Repeat nothing but the lines below running from the one containing "Ring dam – hjärtring" to the one containing "天然石造りの、風合い豊かな岩風呂". Keep both end lines.

SOURCE DATA
========

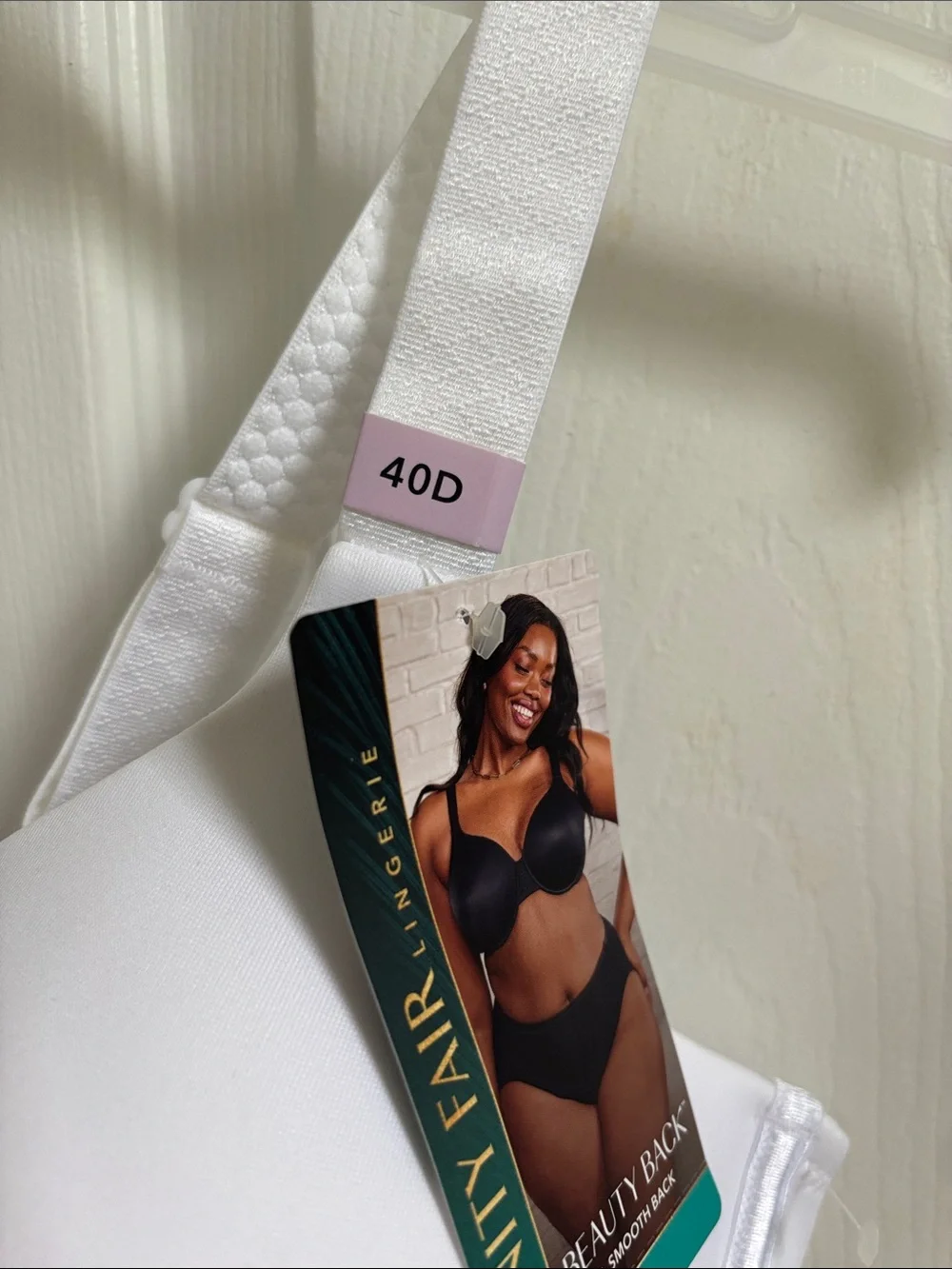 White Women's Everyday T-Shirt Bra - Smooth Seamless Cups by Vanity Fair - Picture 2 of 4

========

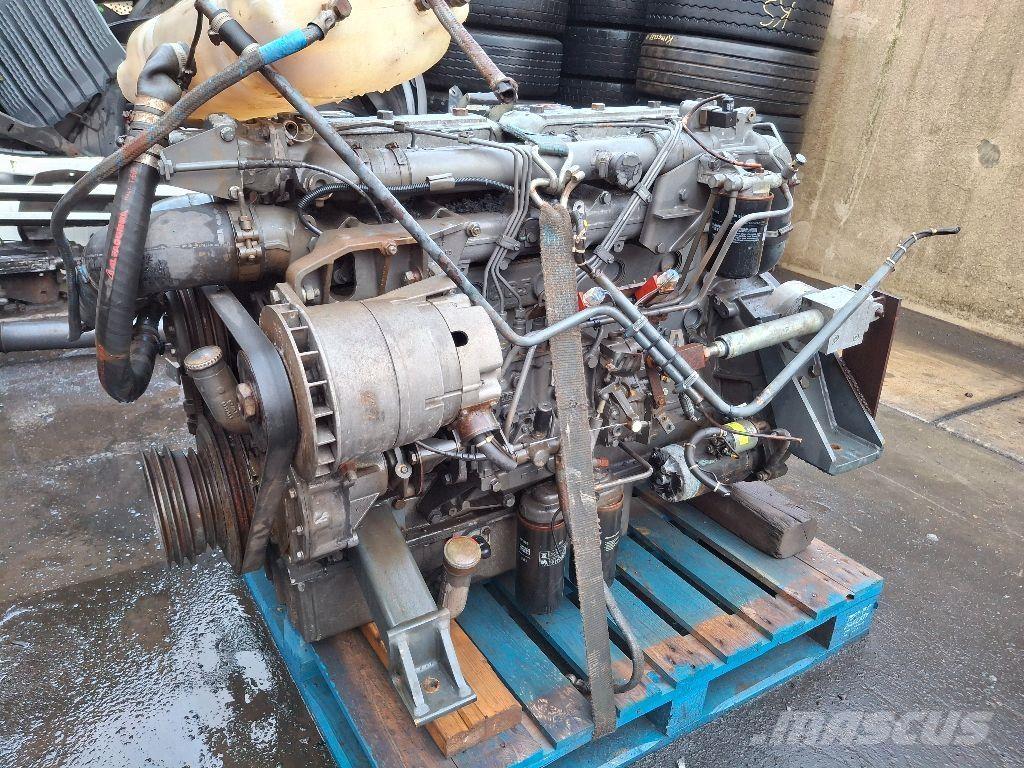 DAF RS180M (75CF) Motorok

========

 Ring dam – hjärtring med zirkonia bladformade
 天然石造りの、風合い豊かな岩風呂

========

FINISHED EXERCISE
 Ring dam – hjärtring med zirkonia bladformade
 天然石造りの、風合い豊かな岩風呂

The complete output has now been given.